Other scaling methods below are better at preserving smooth contours in the image:
- Bilinear interpolation
For example, bilinear interpolation produces the following results:
Linear (or bilinear, in two dimensions) interpolation is typically good for changing the size of an image, but causes some undesirable softening of details and can still be somewhat jagged.
- Bicubic interpolation
Better scaling methods include bicubic interpolation and Lanczos resampling.
- Fourier-based interpolation
Simple fourier based interpolation based on padding of the frequency domain with zero components (a smooth window based approach would reduce the ringing). Beside the good conservation (even recovering) of details, notable is the ringing and the circular bleeding of content from the left border to right border (and way around).

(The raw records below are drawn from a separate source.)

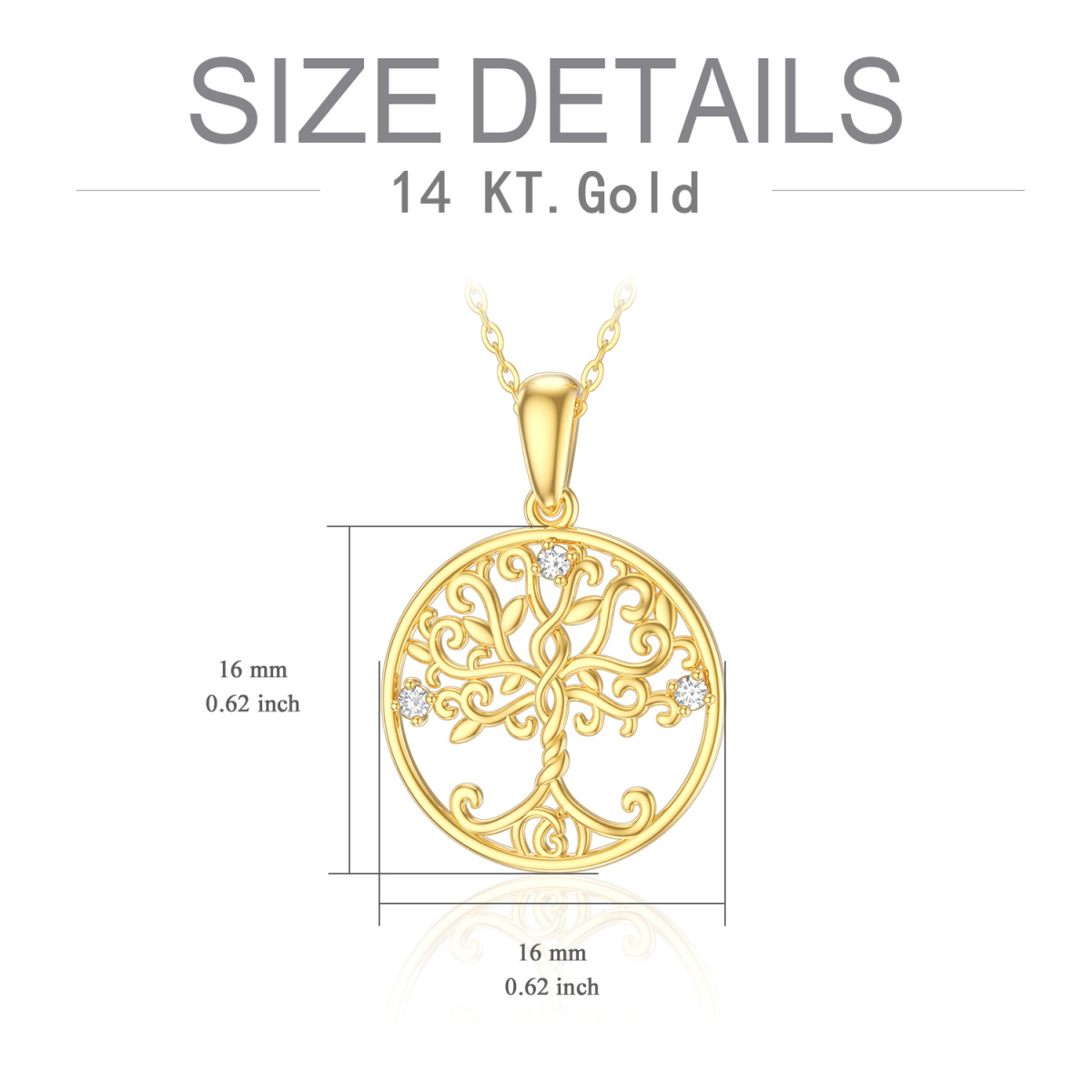 14K Gold Moissanite Tree Of Life Pendant Necklace-6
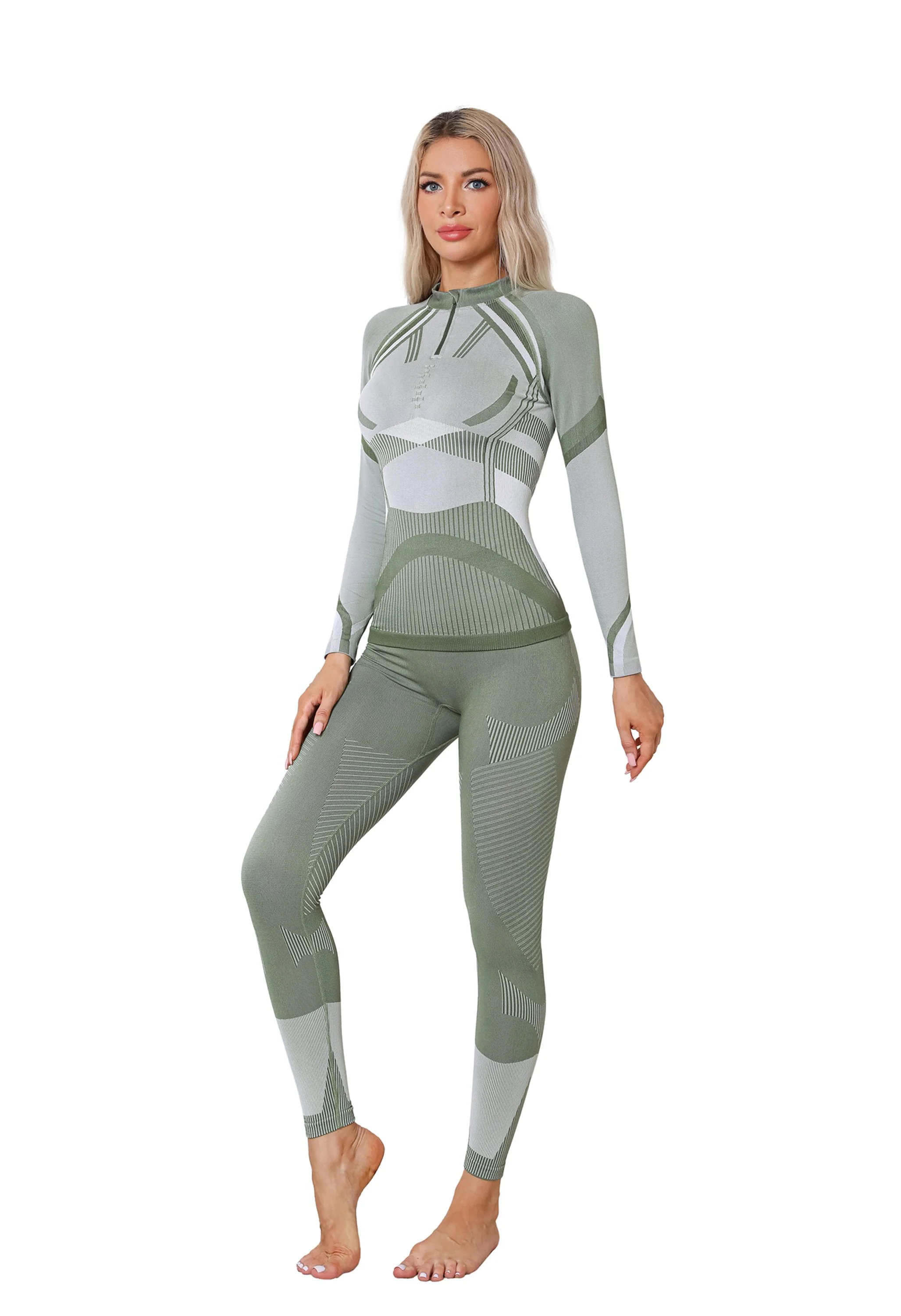 Women Seamless Half Zip Thermal Underwear Set - Image 7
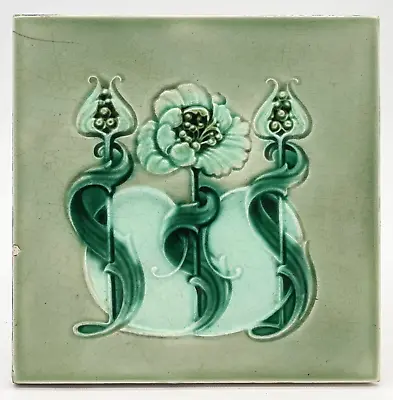 Buy Art Nouveau Fireplace Tile Floral Design Alfred Meakin Ltd. C1905 AE1 • 35£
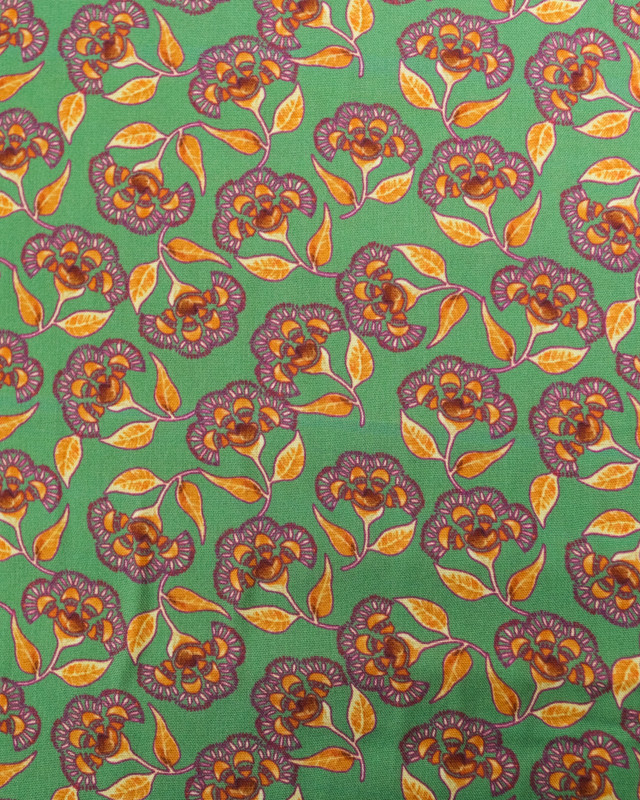 Viscose Indienne Vert Anglais et Ocre - Mercerine
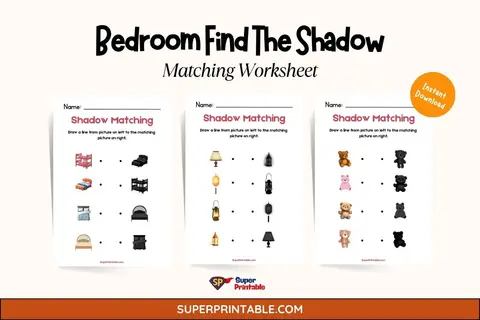 Bedroom Find The Shadow Matching Worksheet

- Edge-directed interpolation algorithms
Edge-directed interpolation algorithms aim to preserve edges in the image after scaling, unlike other algorithms which can produce staircase artifacts around diagonal lines or curves.
Examples of algorithms for this task include New Edge-Directed Interpolation (NEDI),[1][2] Edge-Guided Image Interpolation (EGGI),[3] Iterative Curvature-Based Interpolation (ICBI),[4] and Directional Cubic Convolution Interpolation (DCCI).[5] An article from 2013 compared the four algorithms above, and found that DCCI had the best scores in PSNR and SSIM on a series of test images.[6]
- hqx
For magnifying computer graphics with low resolution and/or few colors (usually from 2 to 256 colors), better results will be achieved by hqx or other pixel art scaling algorithms. These produce sharp edges and maintain high level of detail.
- Supersampling
For scaling photos (and raster images with many colors), see also anti-aliasing algorithms called supersampling.
- Vectorization
An entirely different approach is vector extraction or vectorization. Vectorization first creates a resolution independent vector representation of the graphic to be scaled. Then the resolution-independent version is rendered as a raster image at the desired resolution. This technique is used by Adobe Illustrator Live Trace, Inkscape, and several recent papers.[7] Scalable Vector Graphics are well suited to simple geometric images, while photographs do not fare well with vectorization due to their complexity.
- SFG conversion
Another approach is scalable function graphic conversion. As with vectorization, a conversion process creates a resolution independent representation of the graphic to be scaled. The conversion requires a large amount of processing time, but the resulting function is capable of scaling complex images such as photographs.[8]
- Mipmap
A unique problem occurs with downscaling. A scaling algorithm that relies on sampling a specific number of pixels would sample non-adjacent pixels when downscaling below a certain threshold, which can break the sampling and produce an unsmooth result. This can be avoided by using box sampling or a mipmap which contains many already geometrically downscaled copies. Any simple scaling algorithm can then be used on one of the prescaled copies and give an accurate result.
Algorithms
Two standard scaling algorithms are bilinear and bicubic interpolation. Filters like these work by interpolating pixel color values, introducing a continuous transition into the output even where the original material has discrete transitions. Although this is desirable for continuous-tone images, some algorithms reduce contrast (sharp edges) in a way that may be undesirable for line art.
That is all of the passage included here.